Back To Work Blues

Back to work today, the worst Monday of the year, a proper blue Monday. I’d much rather stay at home and play records. This should lift the spirits- an unofficial eight minute re-edit of New Order’s Vanishing Point (off 1989’s Technique) by Rich Lane. No vocals but not a second too long either.

Grapples With The Earth With Her Fingers

I was planning to post this anyway and happily reader Gentle Ben pointed it out in the comment box on Monday’s Sugarcubes remix post. Jim and William Reid also remixed Birthday, three times in fact (labelled Christmas Eve Mix, Christmas day Mix and Christmas Present Mix). They kept Bjork’s vocal and added buzzing guitars, dropping in and out in bursts, some ‘hey-hey-hey-hey’ backing vocals and a spoken word part. And some feedback. The Justin Robertson remix and these Jesus And Mary Chain ones show what good remixing should do- get the source material and take it somewhere else. All three versions are good.

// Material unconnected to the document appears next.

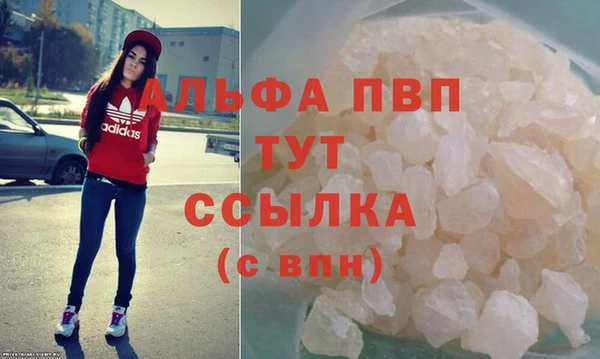 кристаллы Бородино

On the original 1988 vinyl release these Mary Chain mixes were double grooved so depending on whether you hit one groove or the other you got one version or another. The third was on the B-side with a live song. The eight track ep, released in 1992, plays conventionally and has the Robertson mixes, Tony D remixes and The Sugarcubes demo version. Just so you know.

Birthday (Christmas Eve Mix)

She Lives In This House Over There

The Sugarcubes single Birthday was a record so unlike any other that it assured them some kind of instant hit status almost as soon as John Peel had taken it out of it’s sleeve. The album that followed- Life’s Too Good- was a massive indie hit. I saw them play live at some point, I think around ’89-‘ 90 (by which point they were promoting their second album, which wasn’t nearly as good). They were a good live band, Bjork doing her skippitty-boppity thing and co-vocalist Einar entertaining and annoying everyone.

Birthday got remixed by various people on an eight track e.p. Justin Robertson’s remix is the best. He avoids the easy route of just sticking a kick drum underneath and looping a little bit of Bjork’s vocal and concentrates on isolating the bass, adding some horns and a dub-dance feel (in keeping with his Lionrock project).